(Web page caption snippets)
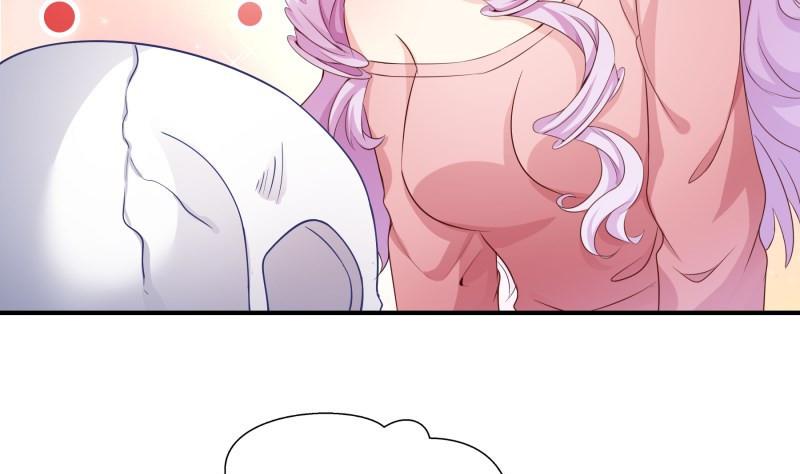 第65话 屋(1/2)-第65话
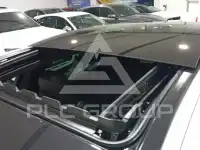 2021 Alfa Romeo Stelvio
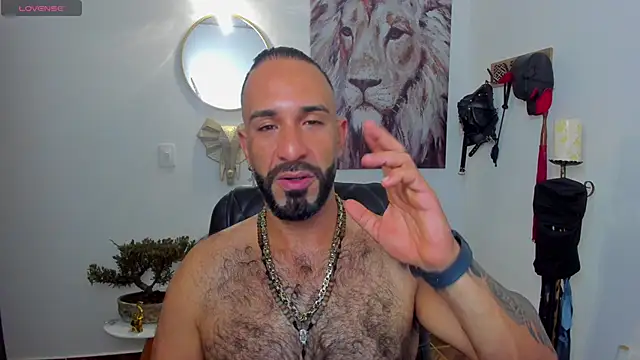 Snapshot of mr_maik chatting on January 28, 2025, 8:57 am mr maik online show from January 28, 2025, 8:57 am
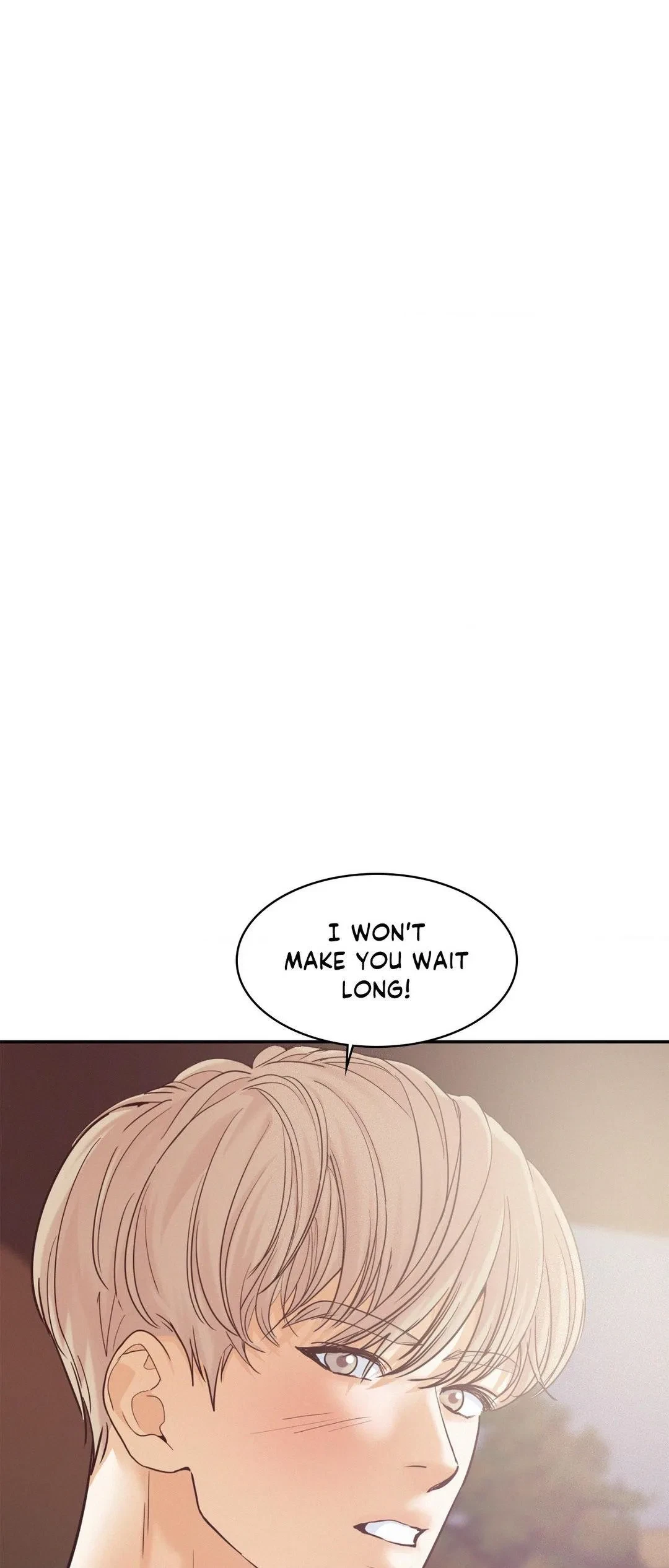 Chapter 45, page 54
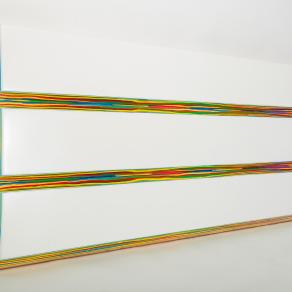 taglio pittorico 32 - 16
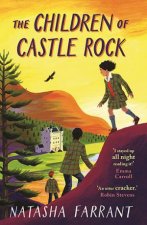 The Children Of Castle Rock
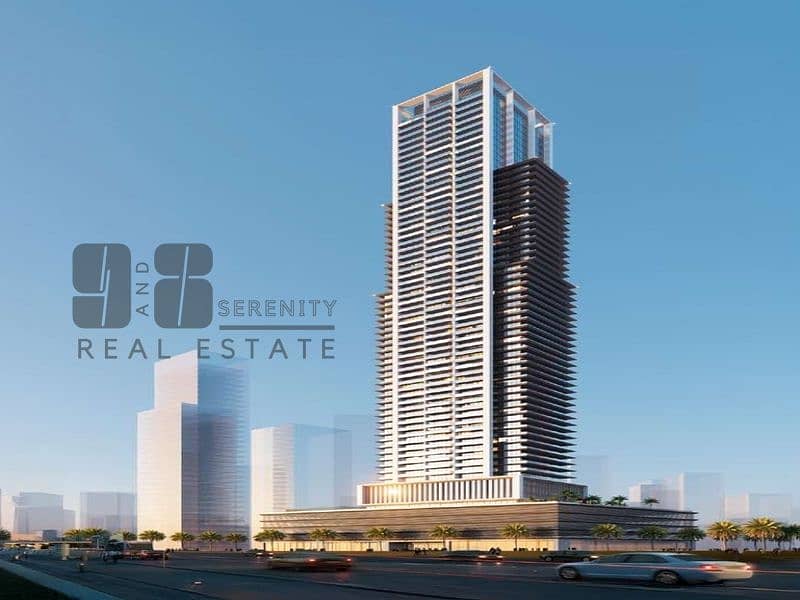 13 Auresta-tower - P9. jpg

What to do
Give again exactly the lines from the one holding "The Children Of Castle Rock" to the final line of the records, both ends included; any pictures stay out.

Exercise response
 The Children Of Castle Rock
 13 Auresta-tower - P9. jpg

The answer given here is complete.